### [Task requirements]
Up to and including the line containing "2 Puma Future", set down each line of the entries below exactly, starting from the first, and leave out the rest.
-=-=-=-=-
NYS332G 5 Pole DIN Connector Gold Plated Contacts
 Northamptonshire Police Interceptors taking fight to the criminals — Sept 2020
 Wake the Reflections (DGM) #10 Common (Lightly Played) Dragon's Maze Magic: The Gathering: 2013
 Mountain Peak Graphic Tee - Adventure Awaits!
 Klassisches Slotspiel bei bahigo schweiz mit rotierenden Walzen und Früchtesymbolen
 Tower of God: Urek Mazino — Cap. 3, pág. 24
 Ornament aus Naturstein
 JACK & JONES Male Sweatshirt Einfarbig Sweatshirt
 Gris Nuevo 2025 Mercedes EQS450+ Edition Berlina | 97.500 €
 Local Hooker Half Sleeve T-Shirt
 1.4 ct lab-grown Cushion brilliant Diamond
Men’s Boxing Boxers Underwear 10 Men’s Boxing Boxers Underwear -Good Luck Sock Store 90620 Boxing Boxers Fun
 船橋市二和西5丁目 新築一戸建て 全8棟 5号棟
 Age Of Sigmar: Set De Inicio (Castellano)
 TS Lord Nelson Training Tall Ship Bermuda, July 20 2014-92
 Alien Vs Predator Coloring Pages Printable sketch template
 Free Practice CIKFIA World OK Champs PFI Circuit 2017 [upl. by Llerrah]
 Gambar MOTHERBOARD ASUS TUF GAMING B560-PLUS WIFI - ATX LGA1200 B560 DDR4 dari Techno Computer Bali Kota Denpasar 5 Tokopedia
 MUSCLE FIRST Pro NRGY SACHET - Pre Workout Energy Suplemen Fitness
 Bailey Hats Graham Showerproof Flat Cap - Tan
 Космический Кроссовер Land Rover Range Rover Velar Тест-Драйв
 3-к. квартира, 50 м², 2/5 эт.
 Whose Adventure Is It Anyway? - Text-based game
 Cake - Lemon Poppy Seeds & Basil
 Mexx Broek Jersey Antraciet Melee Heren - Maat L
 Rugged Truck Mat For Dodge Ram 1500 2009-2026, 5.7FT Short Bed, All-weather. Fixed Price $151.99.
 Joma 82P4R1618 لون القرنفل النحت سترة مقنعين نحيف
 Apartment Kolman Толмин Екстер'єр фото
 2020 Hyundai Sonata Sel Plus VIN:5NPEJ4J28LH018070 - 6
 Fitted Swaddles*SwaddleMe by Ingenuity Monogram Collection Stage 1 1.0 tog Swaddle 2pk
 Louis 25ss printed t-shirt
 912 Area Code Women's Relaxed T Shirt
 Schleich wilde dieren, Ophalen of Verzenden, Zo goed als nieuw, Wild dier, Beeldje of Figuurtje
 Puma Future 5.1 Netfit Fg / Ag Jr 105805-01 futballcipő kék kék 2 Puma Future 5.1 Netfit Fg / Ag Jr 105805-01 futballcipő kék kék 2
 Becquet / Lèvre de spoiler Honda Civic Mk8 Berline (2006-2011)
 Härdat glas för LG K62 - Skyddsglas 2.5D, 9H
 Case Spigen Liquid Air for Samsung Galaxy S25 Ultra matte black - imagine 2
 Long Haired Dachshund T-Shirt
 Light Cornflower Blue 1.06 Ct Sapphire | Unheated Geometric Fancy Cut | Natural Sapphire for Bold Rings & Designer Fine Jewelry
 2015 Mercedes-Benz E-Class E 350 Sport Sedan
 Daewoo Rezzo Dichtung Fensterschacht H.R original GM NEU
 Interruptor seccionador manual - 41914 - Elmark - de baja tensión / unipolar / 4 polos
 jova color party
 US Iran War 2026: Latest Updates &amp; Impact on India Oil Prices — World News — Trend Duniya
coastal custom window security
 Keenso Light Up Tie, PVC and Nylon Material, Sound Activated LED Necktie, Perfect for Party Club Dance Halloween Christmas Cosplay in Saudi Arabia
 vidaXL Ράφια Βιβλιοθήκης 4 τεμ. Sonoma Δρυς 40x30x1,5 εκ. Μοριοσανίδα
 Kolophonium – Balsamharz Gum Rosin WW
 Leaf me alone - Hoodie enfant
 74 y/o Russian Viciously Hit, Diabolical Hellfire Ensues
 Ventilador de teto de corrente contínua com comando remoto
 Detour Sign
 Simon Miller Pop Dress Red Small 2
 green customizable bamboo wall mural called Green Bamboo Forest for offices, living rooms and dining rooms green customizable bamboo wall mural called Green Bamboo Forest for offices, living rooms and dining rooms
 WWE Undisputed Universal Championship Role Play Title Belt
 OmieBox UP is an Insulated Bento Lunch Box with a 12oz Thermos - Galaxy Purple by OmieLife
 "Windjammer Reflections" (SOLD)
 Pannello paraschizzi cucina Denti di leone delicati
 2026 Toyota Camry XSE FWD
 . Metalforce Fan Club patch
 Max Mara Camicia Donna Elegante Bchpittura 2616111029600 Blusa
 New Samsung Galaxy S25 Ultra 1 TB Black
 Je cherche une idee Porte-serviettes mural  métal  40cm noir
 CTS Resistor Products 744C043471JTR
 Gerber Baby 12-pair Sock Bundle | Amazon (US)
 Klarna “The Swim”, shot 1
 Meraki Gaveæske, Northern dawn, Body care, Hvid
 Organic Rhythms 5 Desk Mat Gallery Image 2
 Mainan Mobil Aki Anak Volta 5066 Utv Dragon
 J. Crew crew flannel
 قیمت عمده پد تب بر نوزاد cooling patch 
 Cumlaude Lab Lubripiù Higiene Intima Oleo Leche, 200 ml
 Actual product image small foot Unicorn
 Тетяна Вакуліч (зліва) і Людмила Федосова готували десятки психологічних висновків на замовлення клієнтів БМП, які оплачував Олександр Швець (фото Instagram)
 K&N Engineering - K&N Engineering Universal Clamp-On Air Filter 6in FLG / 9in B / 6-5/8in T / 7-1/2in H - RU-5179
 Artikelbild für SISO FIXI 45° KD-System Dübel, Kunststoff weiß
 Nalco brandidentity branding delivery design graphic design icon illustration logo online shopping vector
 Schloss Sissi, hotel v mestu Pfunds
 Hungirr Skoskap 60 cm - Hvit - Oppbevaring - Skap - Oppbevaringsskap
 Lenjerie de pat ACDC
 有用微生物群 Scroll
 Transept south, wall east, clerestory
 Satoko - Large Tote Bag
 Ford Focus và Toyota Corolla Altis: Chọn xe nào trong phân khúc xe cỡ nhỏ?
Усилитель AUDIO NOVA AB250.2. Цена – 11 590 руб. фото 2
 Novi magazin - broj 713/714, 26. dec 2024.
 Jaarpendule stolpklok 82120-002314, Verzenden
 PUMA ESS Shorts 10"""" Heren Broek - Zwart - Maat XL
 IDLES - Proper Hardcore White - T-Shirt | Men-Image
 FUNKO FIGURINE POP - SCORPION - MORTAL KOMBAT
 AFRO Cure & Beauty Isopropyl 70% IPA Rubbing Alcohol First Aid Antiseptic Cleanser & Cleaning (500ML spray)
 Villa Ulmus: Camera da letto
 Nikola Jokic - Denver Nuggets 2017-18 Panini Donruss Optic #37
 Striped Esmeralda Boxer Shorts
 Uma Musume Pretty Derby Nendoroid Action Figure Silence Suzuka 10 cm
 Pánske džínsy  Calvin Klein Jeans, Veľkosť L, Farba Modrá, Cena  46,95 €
-=-=-=-=-
### [Problem solution]
NYS332G 5 Pole DIN Connector Gold Plated Contacts
 Northamptonshire Police Interceptors taking fight to the criminals — Sept 2020
 Wake the Reflections (DGM) #10 Common (Lightly Played) Dragon's Maze Magic: The Gathering: 2013
 Mountain Peak Graphic Tee - Adventure Awaits!
 Klassisches Slotspiel bei bahigo schweiz mit rotierenden Walzen und Früchtesymbolen
 Tower of God: Urek Mazino — Cap. 3, pág. 24
 Ornament aus Naturstein
 JACK & JONES Male Sweatshirt Einfarbig Sweatshirt
 Gris Nuevo 2025 Mercedes EQS450+ Edition Berlina | 97.500 €
 Local Hooker Half Sleeve T-Shirt
 1.4 ct lab-grown Cushion brilliant Diamond
Men’s Boxing Boxers Underwear 10 Men’s Boxing Boxers Underwear -Good Luck Sock Store 90620 Boxing Boxers Fun
 船橋市二和西5丁目 新築一戸建て 全8棟 5号棟
 Age Of Sigmar: Set De Inicio (Castellano)
 TS Lord Nelson Training Tall Ship Bermuda, July 20 2014-92
 Alien Vs Predator Coloring Pages Printable sketch template
 Free Practice CIKFIA World OK Champs PFI Circuit 2017 [upl. by Llerrah]
 Gambar MOTHERBOARD ASUS TUF GAMING B560-PLUS WIFI - ATX LGA1200 B560 DDR4 dari Techno Computer Bali Kota Denpasar 5 Tokopedia
 MUSCLE FIRST Pro NRGY SACHET - Pre Workout Energy Suplemen Fitness
 Bailey Hats Graham Showerproof Flat Cap - Tan
 Космический Кроссовер Land Rover Range Rover Velar Тест-Драйв
 3-к. квартира, 50 м², 2/5 эт.
 Whose Adventure Is It Anyway? - Text-based game
 Cake - Lemon Poppy Seeds & Basil
 Mexx Broek Jersey Antraciet Melee Heren - Maat L
 Rugged Truck Mat For Dodge Ram 1500 2009-2026, 5.7FT Short Bed, All-weather. Fixed Price $151.99.
 Joma 82P4R1618 لون القرنفل النحت سترة مقنعين نحيف
 Apartment Kolman Толмин Екстер'єр фото
 2020 Hyundai Sonata Sel Plus VIN:5NPEJ4J28LH018070 - 6
 Fitted Swaddles*SwaddleMe by Ingenuity Monogram Collection Stage 1 1.0 tog Swaddle 2pk
 Louis 25ss printed t-shirt
 912 Area Code Women's Relaxed T Shirt
 Schleich wilde dieren, Ophalen of Verzenden, Zo goed als nieuw, Wild dier, Beeldje of Figuurtje
 Puma Future 5.1 Netfit Fg / Ag Jr 105805-01 futballcipő kék kék 2 Puma Future 5.1 Netfit Fg / Ag Jr 105805-01 futballcipő kék kék 2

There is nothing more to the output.